- _What you are asked to do_: Reproduce the line containing "фото №10, 8z0920900m" and every line after it through the end of the records. Include nothing else.
..............................
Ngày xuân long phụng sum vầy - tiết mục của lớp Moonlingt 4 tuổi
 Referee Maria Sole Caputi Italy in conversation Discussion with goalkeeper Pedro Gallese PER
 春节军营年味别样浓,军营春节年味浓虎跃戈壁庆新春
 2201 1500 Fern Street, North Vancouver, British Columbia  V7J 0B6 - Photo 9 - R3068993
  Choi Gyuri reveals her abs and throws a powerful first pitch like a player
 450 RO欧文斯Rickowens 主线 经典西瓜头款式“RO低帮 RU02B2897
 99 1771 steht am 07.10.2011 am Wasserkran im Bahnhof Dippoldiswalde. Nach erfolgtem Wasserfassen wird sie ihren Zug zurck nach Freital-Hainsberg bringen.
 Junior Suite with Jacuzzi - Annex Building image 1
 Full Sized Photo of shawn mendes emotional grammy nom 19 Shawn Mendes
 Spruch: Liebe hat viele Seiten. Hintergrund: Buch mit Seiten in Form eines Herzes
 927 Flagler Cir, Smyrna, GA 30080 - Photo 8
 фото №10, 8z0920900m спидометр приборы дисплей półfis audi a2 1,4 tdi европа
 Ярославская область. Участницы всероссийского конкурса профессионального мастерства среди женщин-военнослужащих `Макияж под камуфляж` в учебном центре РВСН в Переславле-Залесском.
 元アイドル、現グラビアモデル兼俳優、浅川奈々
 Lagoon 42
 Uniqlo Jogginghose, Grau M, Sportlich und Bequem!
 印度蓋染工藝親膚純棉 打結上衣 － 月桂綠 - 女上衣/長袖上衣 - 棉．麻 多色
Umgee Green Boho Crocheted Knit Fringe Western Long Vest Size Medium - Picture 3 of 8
..............................
- _Your response_:
 фото №10, 8z0920900m спидометр приборы дисплей półfis audi a2 1,4 tdi европа
 Ярославская область. Участницы всероссийского конкурса профессионального мастерства среди женщин-военнослужащих `Макияж под камуфляж` в учебном центре РВСН в Переславле-Залесском.
 元アイドル、現グラビアモデル兼俳優、浅川奈々
 Lagoon 42
 Uniqlo Jogginghose, Grau M, Sportlich und Bequem!
 印度蓋染工藝親膚純棉 打結上衣 － 月桂綠 - 女上衣/長袖上衣 - 棉．麻 多色
Umgee Green Boho Crocheted Knit Fringe Western Long Vest Size Medium - Picture 3 of 8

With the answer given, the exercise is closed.